───── DATASET ENTRIES ─────

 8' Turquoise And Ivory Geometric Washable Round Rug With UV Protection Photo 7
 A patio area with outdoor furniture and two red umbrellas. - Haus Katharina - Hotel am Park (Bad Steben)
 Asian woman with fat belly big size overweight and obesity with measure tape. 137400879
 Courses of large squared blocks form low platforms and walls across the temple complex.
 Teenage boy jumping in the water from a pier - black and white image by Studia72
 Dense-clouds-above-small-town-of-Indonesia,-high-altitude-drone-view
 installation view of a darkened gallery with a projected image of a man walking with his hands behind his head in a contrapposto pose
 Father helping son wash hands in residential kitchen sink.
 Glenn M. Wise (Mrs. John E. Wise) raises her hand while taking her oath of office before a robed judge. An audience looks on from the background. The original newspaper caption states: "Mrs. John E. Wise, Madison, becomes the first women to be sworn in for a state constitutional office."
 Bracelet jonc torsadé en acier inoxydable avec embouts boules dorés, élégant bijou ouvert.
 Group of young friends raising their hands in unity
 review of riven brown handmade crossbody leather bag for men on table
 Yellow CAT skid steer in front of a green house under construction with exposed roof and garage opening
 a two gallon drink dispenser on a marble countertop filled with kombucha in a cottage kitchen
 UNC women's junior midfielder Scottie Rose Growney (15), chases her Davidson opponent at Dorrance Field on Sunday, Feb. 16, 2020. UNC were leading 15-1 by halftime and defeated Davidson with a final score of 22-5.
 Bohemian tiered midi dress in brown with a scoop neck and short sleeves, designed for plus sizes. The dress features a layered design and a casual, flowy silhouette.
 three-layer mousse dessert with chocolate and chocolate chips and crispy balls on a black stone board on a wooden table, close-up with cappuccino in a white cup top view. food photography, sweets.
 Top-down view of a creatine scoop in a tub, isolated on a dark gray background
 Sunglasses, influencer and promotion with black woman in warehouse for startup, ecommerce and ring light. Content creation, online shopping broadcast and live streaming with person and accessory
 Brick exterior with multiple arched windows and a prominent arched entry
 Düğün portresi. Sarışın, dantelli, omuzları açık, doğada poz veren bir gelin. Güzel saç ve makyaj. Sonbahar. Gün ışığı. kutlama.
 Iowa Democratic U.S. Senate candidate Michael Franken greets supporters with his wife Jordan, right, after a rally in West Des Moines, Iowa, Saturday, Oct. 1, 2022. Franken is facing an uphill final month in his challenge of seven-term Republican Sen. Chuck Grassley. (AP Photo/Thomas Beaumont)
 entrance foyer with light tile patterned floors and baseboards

─────

**WHAT YOU WILL DO**: Print each line, starting with the one that contains "UNC women's junior" and ending with the last line of the data, exactly as it stands and with no other lines.

**EXERCISE ANSWER**:
 UNC women's junior midfielder Scottie Rose Growney (15), chases her Davidson opponent at Dorrance Field on Sunday, Feb. 16, 2020. UNC were leading 15-1 by halftime and defeated Davidson with a final score of 22-5.
 Bohemian tiered midi dress in brown with a scoop neck and short sleeves, designed for plus sizes. The dress features a layered design and a casual, flowy silhouette.
 three-layer mousse dessert with chocolate and chocolate chips and crispy balls on a black stone board on a wooden table, close-up with cappuccino in a white cup top view. food photography, sweets.
 Top-down view of a creatine scoop in a tub, isolated on a dark gray background
 Sunglasses, influencer and promotion with black woman in warehouse for startup, ecommerce and ring light. Content creation, online shopping broadcast and live streaming with person and accessory
 Brick exterior with multiple arched windows and a prominent arched entry
 Düğün portresi. Sarışın, dantelli, omuzları açık, doğada poz veren bir gelin. Güzel saç ve makyaj. Sonbahar. Gün ışığı. kutlama.
 Iowa Democratic U.S. Senate candidate Michael Franken greets supporters with his wife Jordan, right, after a rally in West Des Moines, Iowa, Saturday, Oct. 1, 2022. Franken is facing an uphill final month in his challenge of seven-term Republican Sen. Chuck Grassley. (AP Photo/Thomas Beaumont)
 entrance foyer with light tile patterned floors and baseboards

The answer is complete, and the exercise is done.